Recorded information —
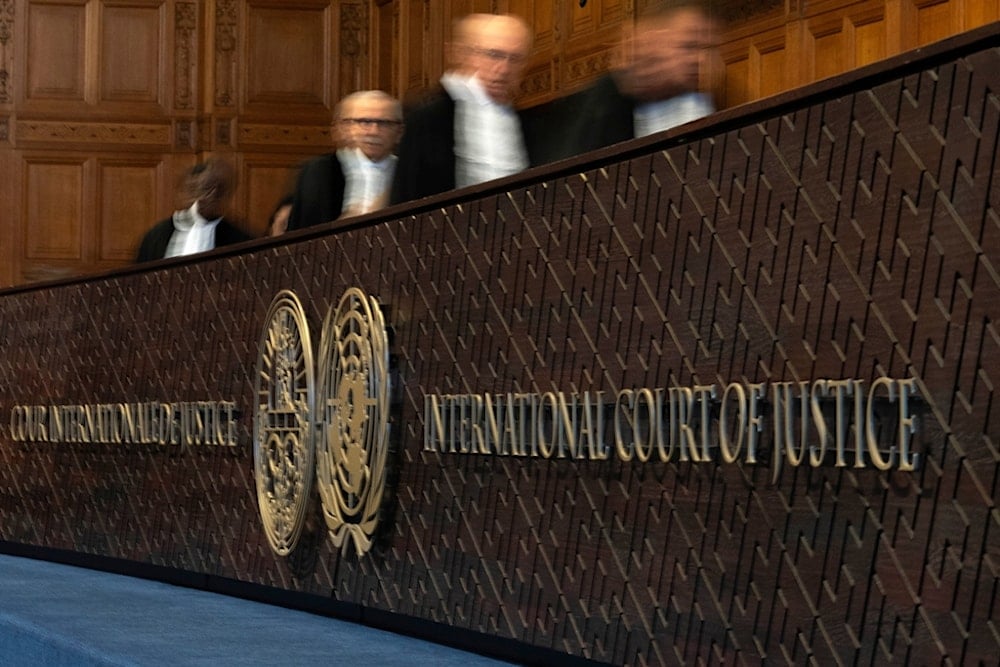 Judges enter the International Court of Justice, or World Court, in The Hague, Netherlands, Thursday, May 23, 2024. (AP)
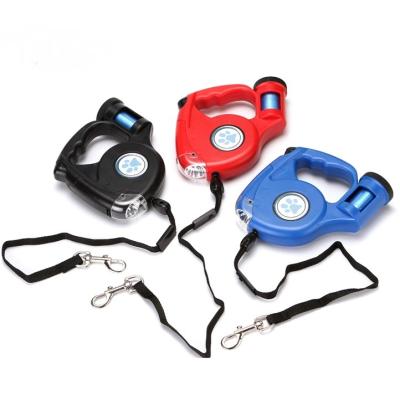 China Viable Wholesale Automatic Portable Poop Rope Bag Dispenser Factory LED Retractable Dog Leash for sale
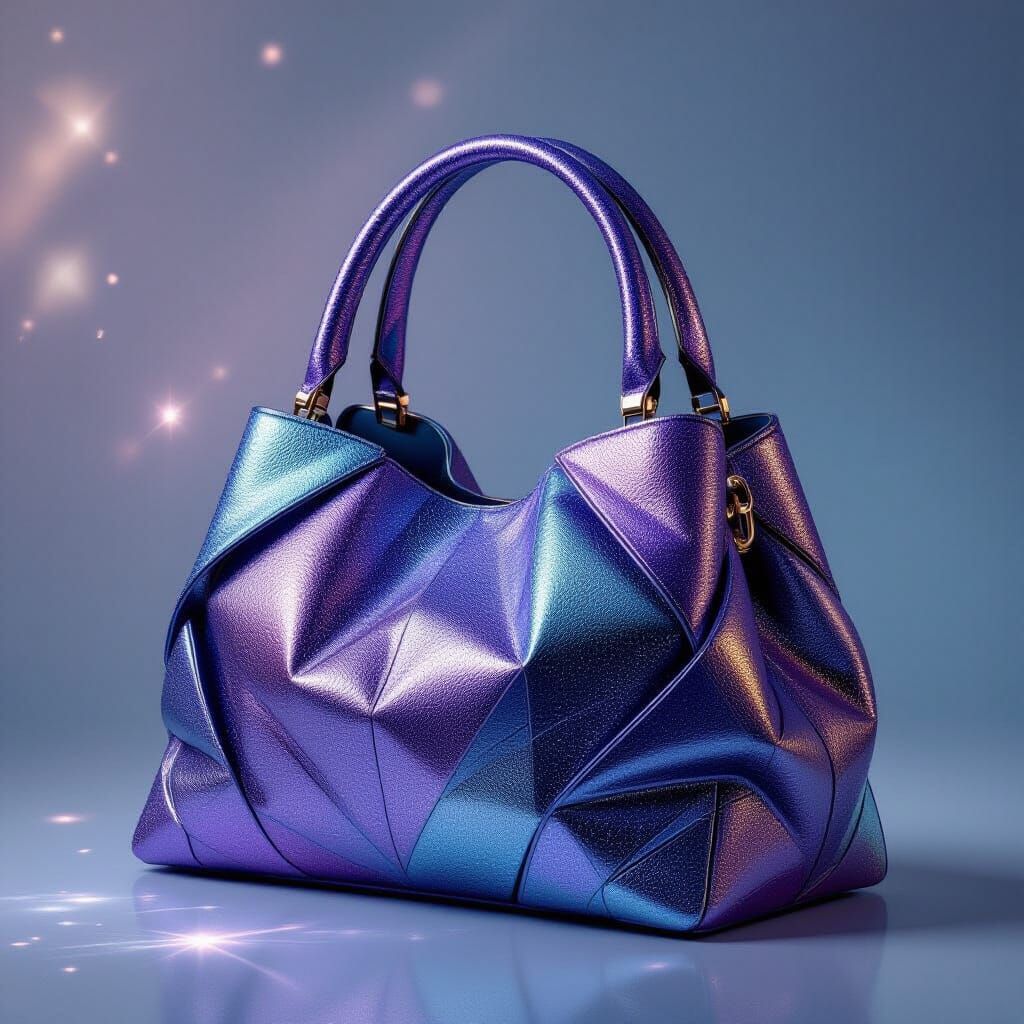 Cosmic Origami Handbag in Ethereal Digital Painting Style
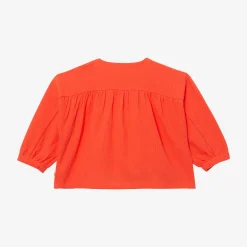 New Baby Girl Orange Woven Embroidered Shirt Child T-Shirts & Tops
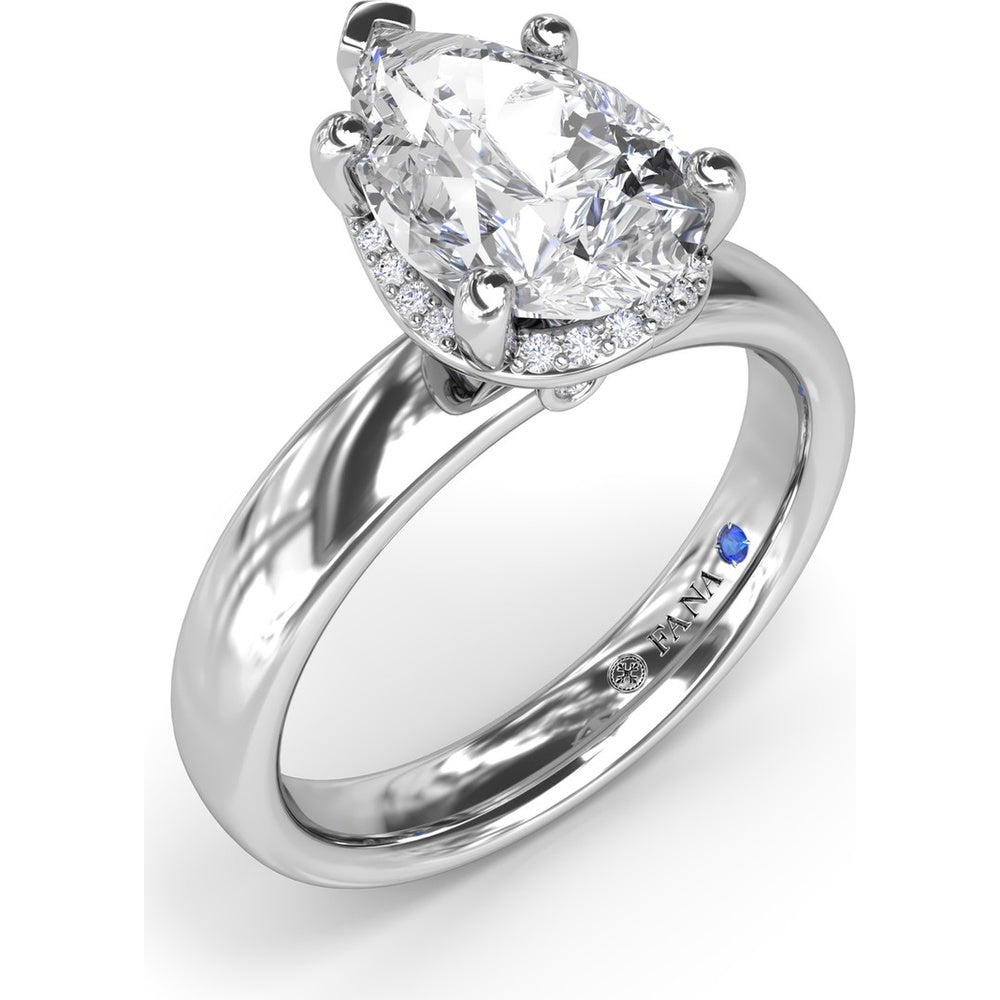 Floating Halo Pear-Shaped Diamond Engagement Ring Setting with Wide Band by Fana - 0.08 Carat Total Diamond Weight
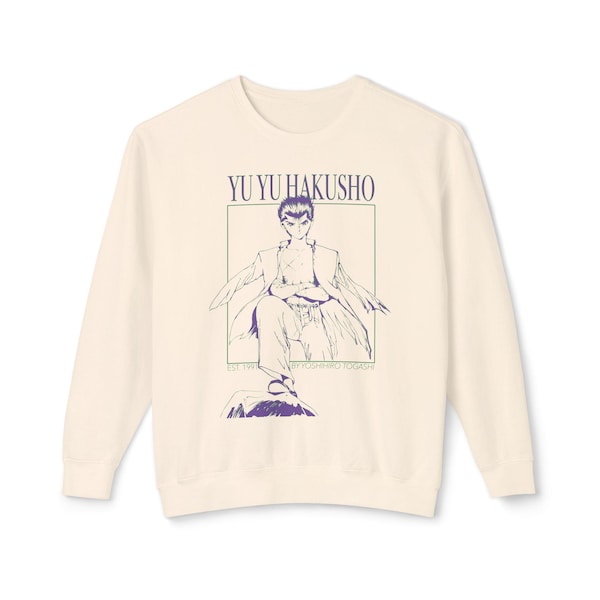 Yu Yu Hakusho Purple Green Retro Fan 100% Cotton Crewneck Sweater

Your goal —
The answer must reproduce every line of the records above exactly, with all pictures left out.

Answer below —
 Judges enter the International Court of Justice, or World Court, in The Hague, Netherlands, Thursday, May 23, 2024. (AP)
 China Viable Wholesale Automatic Portable Poop Rope Bag Dispenser Factory LED Retractable Dog Leash for sale
 Cosmic Origami Handbag in Ethereal Digital Painting Style
 New Baby Girl Orange Woven Embroidered Shirt Child T-Shirts & Tops
 Floating Halo Pear-Shaped Diamond Engagement Ring Setting with Wide Band by Fana - 0.08 Carat Total Diamond Weight
 Yu Yu Hakusho Purple Green Retro Fan 100% Cotton Crewneck Sweater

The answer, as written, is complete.